WHAT YOU ARE ASKED TO DO ▸
Please copy each line below that contains the word "Ford".
Start of DATA TO USE
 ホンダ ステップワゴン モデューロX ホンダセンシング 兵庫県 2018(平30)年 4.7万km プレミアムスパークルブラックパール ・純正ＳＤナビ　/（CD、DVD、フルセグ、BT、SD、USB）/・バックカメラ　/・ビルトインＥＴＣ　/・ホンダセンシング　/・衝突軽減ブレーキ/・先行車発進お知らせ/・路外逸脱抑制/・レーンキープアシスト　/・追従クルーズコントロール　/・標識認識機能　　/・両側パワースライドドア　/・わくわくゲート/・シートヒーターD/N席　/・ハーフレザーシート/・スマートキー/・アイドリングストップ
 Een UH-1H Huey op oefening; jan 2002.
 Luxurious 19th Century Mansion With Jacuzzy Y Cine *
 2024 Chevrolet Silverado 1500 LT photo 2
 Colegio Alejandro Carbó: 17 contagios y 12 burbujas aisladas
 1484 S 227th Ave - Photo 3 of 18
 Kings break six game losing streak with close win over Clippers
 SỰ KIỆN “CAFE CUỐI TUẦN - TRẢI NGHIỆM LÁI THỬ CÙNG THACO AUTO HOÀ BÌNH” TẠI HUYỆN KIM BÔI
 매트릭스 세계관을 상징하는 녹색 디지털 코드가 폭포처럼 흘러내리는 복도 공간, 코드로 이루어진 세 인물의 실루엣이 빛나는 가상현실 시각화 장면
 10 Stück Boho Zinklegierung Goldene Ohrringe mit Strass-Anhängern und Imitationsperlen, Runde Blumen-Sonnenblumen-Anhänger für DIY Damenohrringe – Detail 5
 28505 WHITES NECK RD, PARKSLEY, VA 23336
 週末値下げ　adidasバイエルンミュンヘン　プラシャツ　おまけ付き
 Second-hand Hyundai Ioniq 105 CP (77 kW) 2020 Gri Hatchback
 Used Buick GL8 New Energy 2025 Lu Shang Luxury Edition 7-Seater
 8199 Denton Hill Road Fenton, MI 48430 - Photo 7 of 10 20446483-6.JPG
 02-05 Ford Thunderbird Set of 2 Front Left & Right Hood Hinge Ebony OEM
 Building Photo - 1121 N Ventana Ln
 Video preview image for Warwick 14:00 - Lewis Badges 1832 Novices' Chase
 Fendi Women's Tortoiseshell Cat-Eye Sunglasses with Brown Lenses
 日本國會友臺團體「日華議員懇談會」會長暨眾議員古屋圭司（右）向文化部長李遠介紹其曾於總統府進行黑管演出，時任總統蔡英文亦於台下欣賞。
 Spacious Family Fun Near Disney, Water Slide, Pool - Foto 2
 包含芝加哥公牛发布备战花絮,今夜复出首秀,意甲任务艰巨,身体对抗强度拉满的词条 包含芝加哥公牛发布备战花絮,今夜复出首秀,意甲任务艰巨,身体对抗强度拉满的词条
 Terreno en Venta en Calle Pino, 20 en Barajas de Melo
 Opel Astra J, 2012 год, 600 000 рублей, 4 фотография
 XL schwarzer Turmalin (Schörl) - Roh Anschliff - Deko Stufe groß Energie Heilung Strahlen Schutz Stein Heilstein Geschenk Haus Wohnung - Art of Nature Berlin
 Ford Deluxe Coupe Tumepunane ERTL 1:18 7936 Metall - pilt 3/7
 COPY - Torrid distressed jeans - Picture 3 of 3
End of DATA TO USE
RESULT BELOW ▸
 02-05 Ford Thunderbird Set of 2 Front Left & Right Hood Hinge Ebony OEM
 Ford Deluxe Coupe Tumepunane ERTL 1:18 7936 Metall - pilt 3/7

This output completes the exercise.